In support of his claim for said alleged loss of $510 the plaintiff introduced into evidence as an exhibit an unsigned draft of a proposed charter party between him and said William Walter Calvert. Apparently this document was prepared by an agent of the plaintiff, but no testimony was presented to estab*314lish that said agreement had been actually accepted by Calvert.

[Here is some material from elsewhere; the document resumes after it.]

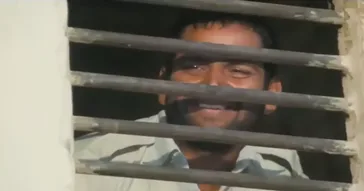 Idhar Zehar Khane Ka Paisa Nahi Hai Meme Download | Video & Audio Meme Video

Under the circumstances I find that the plaintiff has failed to establish by the required degree of proof that he had sustained said alleged loss of $510.

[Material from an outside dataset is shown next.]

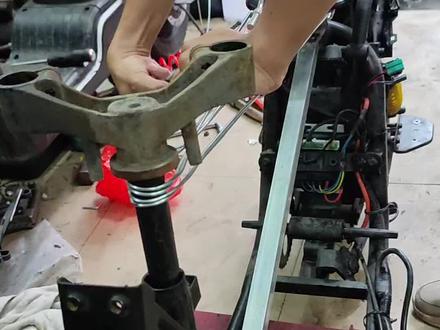 小牛电动车车头撞歪了 车架修复矫正#小牛电动 #九号电动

Similarly I find that the plaintiff has failed to establish by a fair preponderance of the evidence that he sustained out-of-pocket expenses in the amount of $80 in attending to the Topu Wetu and in arranging for necessary repairs to her as a result of said collision. Undoubtedly he sustained some such expenses for travel in arranging for said repairs but unfortunately he made no records thereof and his testimony as to such items was most general, consisting of approximations. Under the circumstances, I conclude that he has failed to establish his right to recover this item of his claim.

As hereinbefore recited, counsel for the parties have stipulated that the cost of the necessary repairs to the Topu Wetu was $1,516.24. The plaintiff testified that he paid for said repairs between October 7, 1966 and November 7, 1966, but could not recall the exact date when said payment was made. Under the circumstances I conclude that said payment was made on November 7, 1966. Plaintiff seeks also to recover interest on said sum of $1,516.24 from the date of its payment by him.

It is also well settled that the allowance of prejudgment interest in admiralty cases rests within the discretion of the trial court. Reiss Steamship Company v. United States Steel Corporation, 427 F.2d 1152 (6 Cir. 1970); Sinclair Refining Company v. S.S. Green Island, 426 F.2d 260 (5 Cir. 1970); National Airlines, Inc. v. Stiles, 268 F.2d 400 (5 Cir. 1959); O’Donnell Transport Co. v. City of New York, 215 F.2d 92 (2 Cir. 1954); Moore-McCormack Lines, Inc. v. Amirault, 202 F.2d 893 (1 Cir. 1953).

In Moore-McCormack Lines, Inc. v. Amirault, supra, the Court of Appeals said at page 898:

“But in collision cases the common statement is' that, in the absence of special circumstances, interest on damages eventually awarded to the owner of the damaged vessel should be computed from the date of the collision or from the dates when payments for the necessary repairs were actually made (citations omitted) * * * ”

Although the instant action was not commenced by the plaintiff until January 29, 1969, I do not think that fact alone in this case is sufficient to warrant a departure from the general rule in admiralty cases that interest on amounts expended for necessary repairs to a vessel will be allowed from the date when payment for such necessary repairs was made.

Plaintiff contends that such interest should be computed at the rate of eight (8) per centum per annum on any award made to him and in support of this contention relies upon the provisions of sec. 9-21-101 of R.I. General Laws 1956, as amended. In my opinion said statute is not properly applicable to this case. Canova v. Travelers Insurance. Company, 406 F.2d 410 (5 Cir. 1969); Gardner v. The Calvert, 253 F.2d 395 (3 Cir. 1958); Moore-McCormack Lines, Inc. v. Amirault, supra; Samincorp v. S.S. Rivadeluna, 277 F.Supp. 943 (D.Del.1967); Virgin Islands Corporation v. Merwin Lighterage Co., Inc., 177 F.Supp. 810 (D.V.I.1959).

Considering all of the circumstances in this ease I conclude that it is equitable and just that the defendant *315pay interest at the rate of six (6) per centum per annum on said sum of $1,-516.24 from November 7, 1966 to the date of this opinion. Said interest amounts to $416.45.

Judgment will be entered in favor of the plaintiff against the defendant Kenneth Gallup, Jr. in the sum of $1,932.69 and in the plaintiff’s favor on the counterclaim of the defendant.

. Said section provides as follows:

“Interest in action for damages to the person or to property. — In causes of action and actions for damages to the person or to real and personal estate in which a verdict is rendered or a decision made for pecuniary damages, there shall be added by the clerk of the court to the amount of damages, interest at the rate of eight per cent (S%) per annum thereon from the date of commencement of the action which shall be included in the judgment entered therein.”